Exploring IBM HR data using Python

Intro

This tutorial series explores the IBM HR data set. This data is typically used to demonstrate the ability of various machine learning algorithms applied to HR data.

In this series, I'll use it to demonstrate the awesome power Python can bring to HR data

Sections

  • Statistics
  • Matplotlib
  • Pandas
  • Seaborn
  • Plotly
  • Findings
In [1]:
__author__ = "adam"
__version__ = "1.0.0"
__maintainer__ = "adam"
__email__ = "adam@datapluspeople.com"
In [2]:
# imports 
import numpy as np
import pandas as pd

import matplotlib.pyplot as plt
import seaborn as sns

%matplotlib inline
In [3]:
# if continuing on from the previous section, read the data from saved file

# empl_data = pd.read_excel("WA_Fn-UseC_-HR-Employee-Attrition.xlsx")
In [4]:
# read the data directly from IBM Watson Analytics
# using pandas read excel file into dataframe
url = "https://community.watsonanalytics.com/wp-content/uploads/2015/03/WA_Fn-UseC_-HR-Employee-Attrition.xlsx"
empl_data = pd.read_excel(url)

# save data for later
# empl_data.to_excel("WA_Fn-UseC_-HR-Employee-Attrition.xlsx")

seaborn

In this section, we'll continue with visualizations using the seaborn library.

Seaborn aims to use sensible defaults for style and color choices. As with pandas .plot methods, Seaborn is an extension to Matplotlib, which is where the plotting happens. Seaborn helps to make this easier and more effective.

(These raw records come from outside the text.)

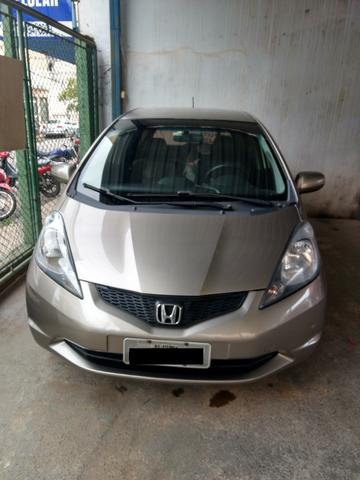 Honda Fit LX 1.4 2010/2011 Mecanico - Completo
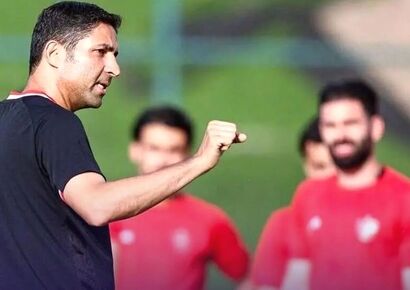 وحید هاشمیان برای دو بازی دیگر روی نیمکت پرسپولیس ابقا شد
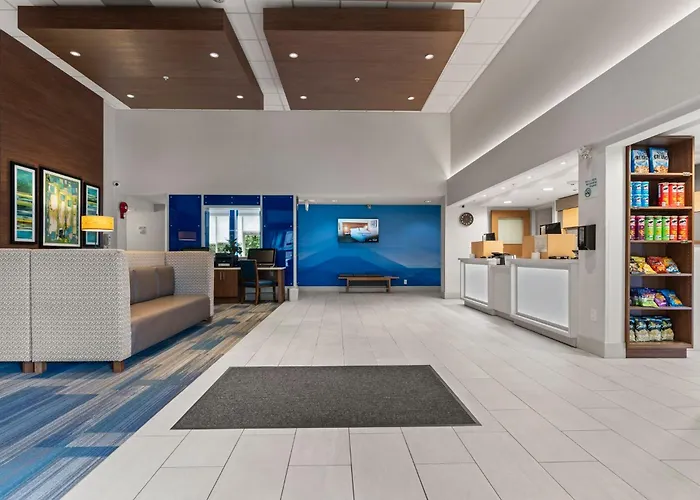 Holiday Inn Express And Suites Surrey By Ihg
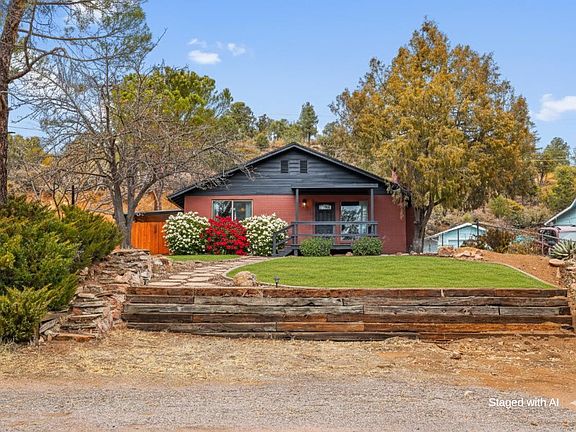 2nd image of 404 W Frontier St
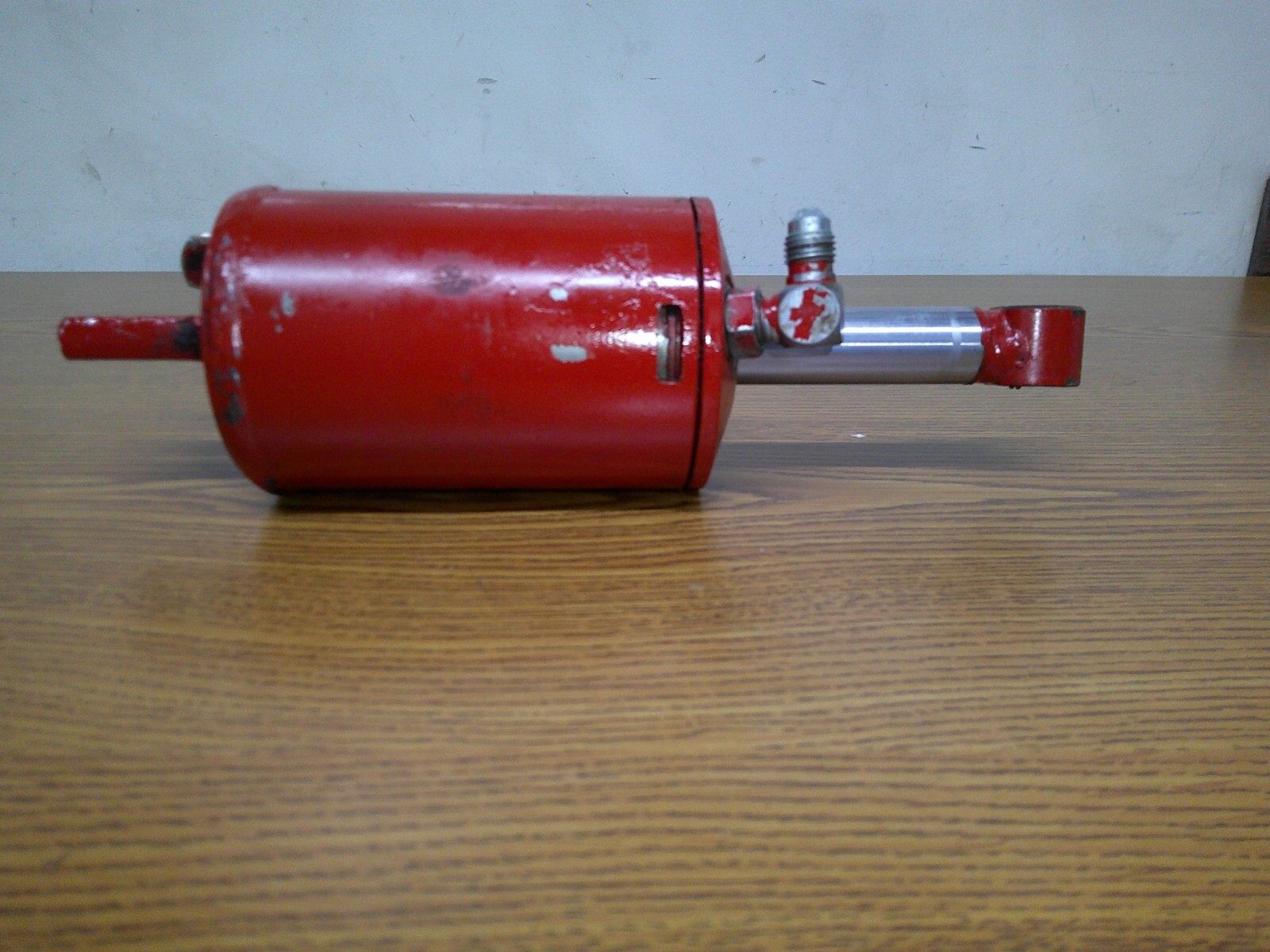 Cub Cadet Hydraulic Cylinder.  717-3005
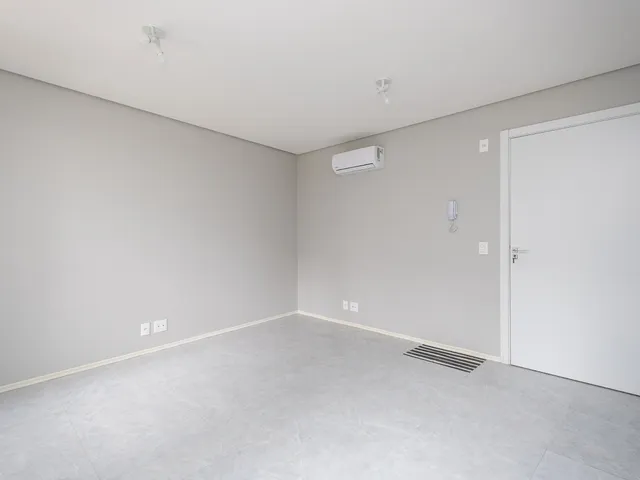 Sala para alugar, no bairro São Gonçalo em Pelotas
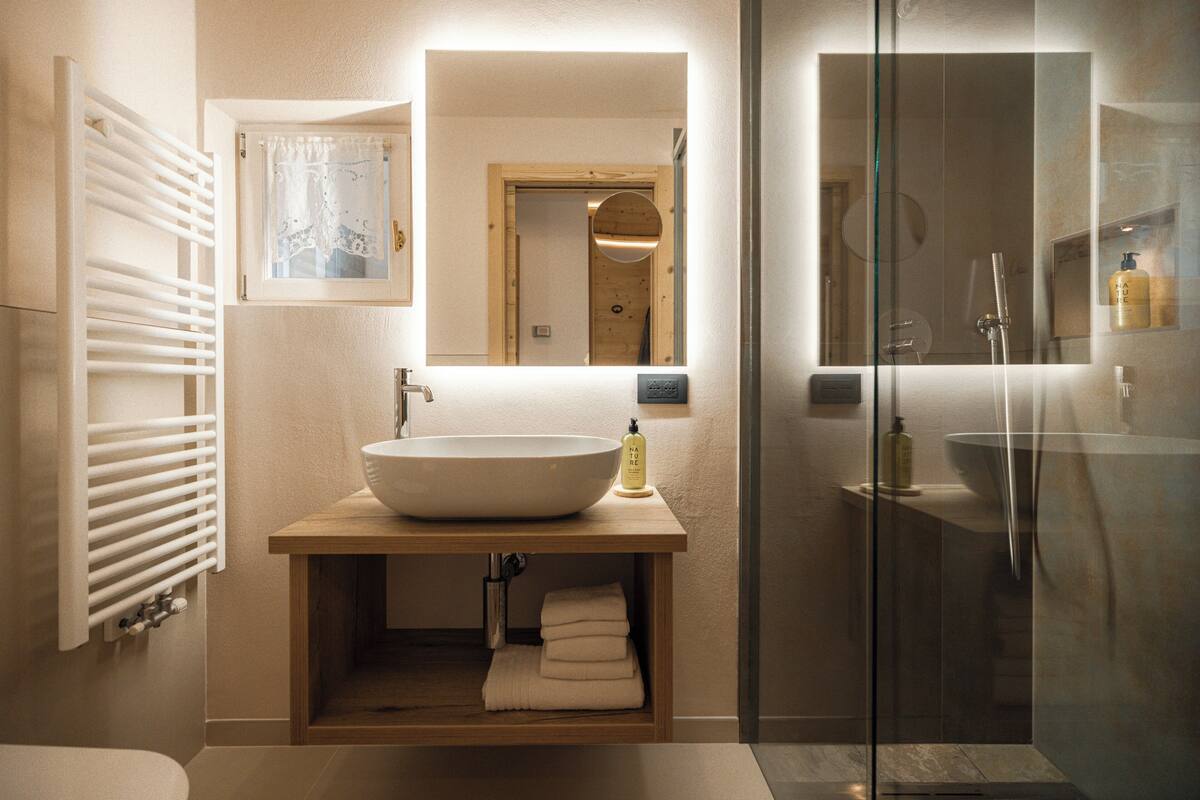 superior apartment | bathroom | free toiletries, hair dryer, bidet, towels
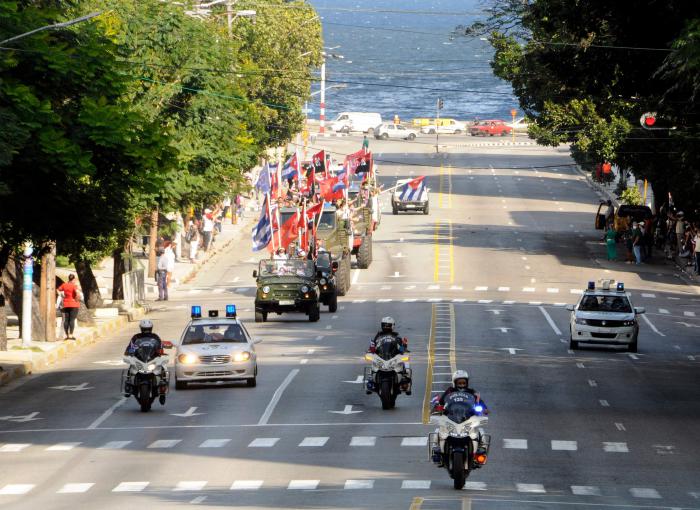 Caravana por la calle 23 en el vedado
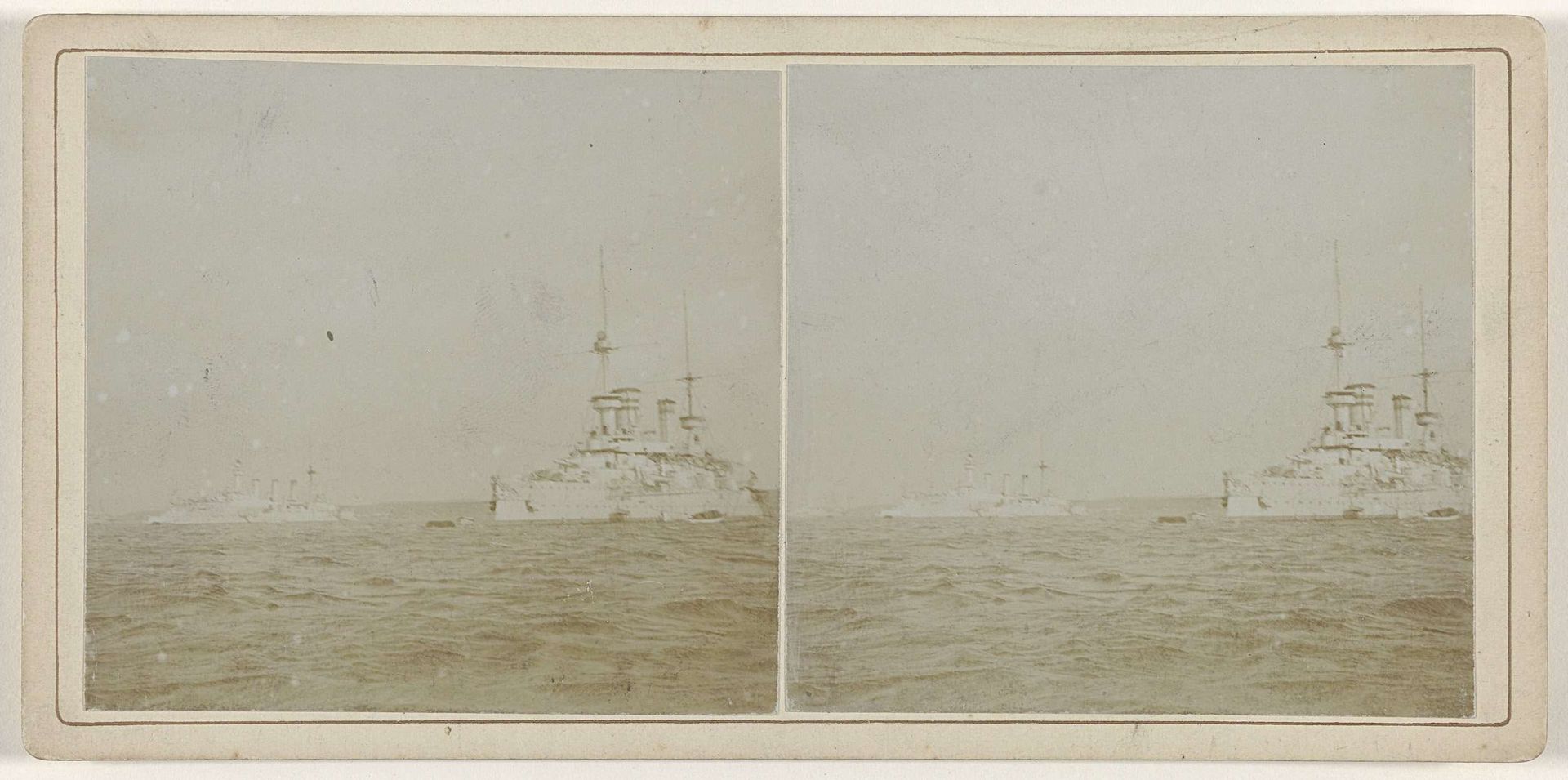 Duitse marineschepen voor de haven van Kiel by Geldolph Adriaan Kessler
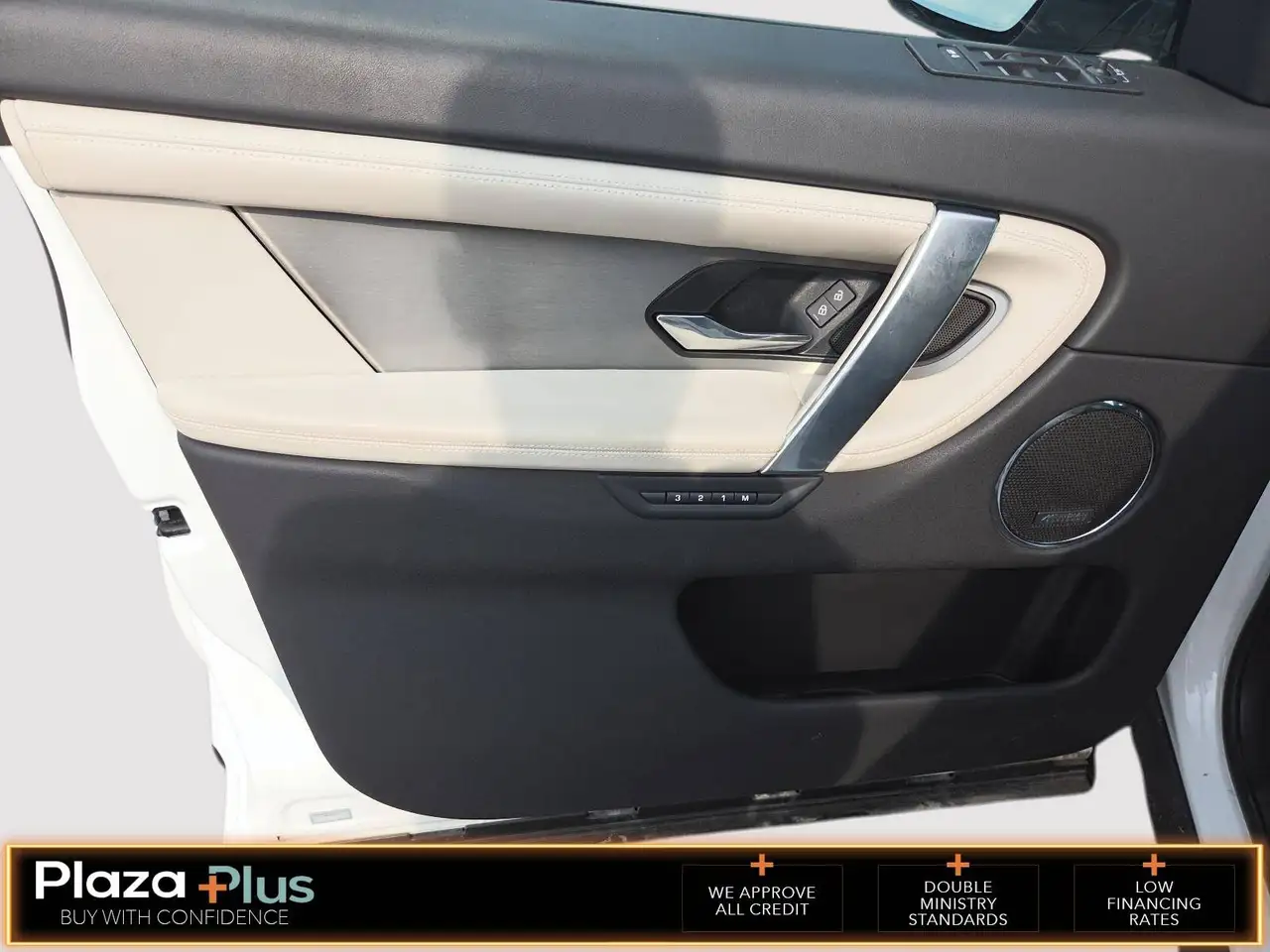 Land Rover Discovery Sport - Image 12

We'll begin on our analysis in this section looking at Education.

In [5]:
# matplotlib.pyplot

# explicitly view default of matplotlib
plt.style.use('default') 

# plot Education count
plt.bar(sorted(empl_data['Education'].unique()),empl_data.groupby('Education')['EmployeeCount'].count())
Out[5]:
<BarContainer object of 5 artists>
In [6]:
# seaborn

# explicitly view default of seaborn
sns.set()

# plot Education count
sns.countplot(empl_data['Education'])
Out[6]:
<matplotlib.axes._subplots.AxesSubplot at 0x1a2a36c02e8>

Seaborn provides sensible defaults that improve the readability of the visualizations.

In [7]:
empl_data.groupby('Education')['EmployeeCount'].count()
Out[7]:
Education
1    170
2    282
3    572
4    398
5     48
Name: EmployeeCount, dtype: int64
In [8]:
sorted(empl_data['Education'].unique())
Out[8]:
[1, 2, 3, 4, 5]

Education appears to encode the values, we'll take a guess at what these values represent and store in a dictionary.

In [9]:
ed_level_desc = {1: 'GED', 2: 'High School Diploma', 3: 'Bachelors Degree', 4: 'Masters Degree', 5: 'PhD'}
In [10]:
ed_ranking = empl_data['Education'].value_counts()
ed_ranking.rename(index=ed_level_desc)
Out[10]:
Bachelors Degree       572
Masters Degree         398
High School Diploma    282
GED                    170
PhD                     48
Name: Education, dtype: int64
In [11]:
# one more time, as percentages
ed_ranking = round(empl_data['Education'].value_counts(normalize=True)*100,0)
ed_ranking.rename(index=ed_level_desc)
Out[11]:
Bachelors Degree       39.0
Masters Degree         27.0
High School Diploma    19.0
GED                    12.0
PhD                     3.0
Name: Education, dtype: float64

Just 3% of the employees in this dataset have a PhD (*with the assumption a '5' in Education translates to 'PhD')

In [12]:
# explore education against Job Level
ed_job = empl_data.pivot_table(values='Age',index='Education', columns='JobLevel', aggfunc='count')
ed_job
Out[12]:
JobLevel 1 2 3 4 5
Education
1 89 47 20 8 6
2 94 125 33 17 13
3 231 171 98 44 28
4 121 171 58 28 20
5 8 20 9 9 2

Now we've calculated enough data that it takes us as humans time and effort to process this 5x5 grid. Let's visualize this data using Seaborn to help us understand this easier.

In [13]:
sns.heatmap(ed_job)
Out[13]:
<matplotlib.axes._subplots.AxesSubplot at 0x1a2a38ba940>

In this colormap, darker colors represent lower values and lighter colors higher values. The near white square contains the highest value. We can improve and customize this further to our liking.

In [14]:
plt.figure(figsize=(9,4))

# add annotations, border, and change colormap
sns.heatmap(ed_job, annot=True, linewidth=0.4, fmt='d', cmap='YlOrRd')
Out[14]:
<matplotlib.axes._subplots.AxesSubplot at 0x1a2a3cb5a90>

The greatest number of associates (231) have an education level of 3 and job level of 1. The concentration of education and job level is easily identified as well.

In [15]:
# by Job Role
plt.figure(figsize=(9,4))
role_ed_xtab = pd.crosstab(empl_data['JobRole'], empl_data['Education'], normalize='index')
sns.heatmap(role_ed_xtab, annot=True, fmt='0.0%', cmap='YlOrRd')
Out[15]:
<matplotlib.axes._subplots.AxesSubplot at 0x1a2a3cc8588>

While we clearly see that level 3 education is the dominant education across all job roles, there are some insights from this figure.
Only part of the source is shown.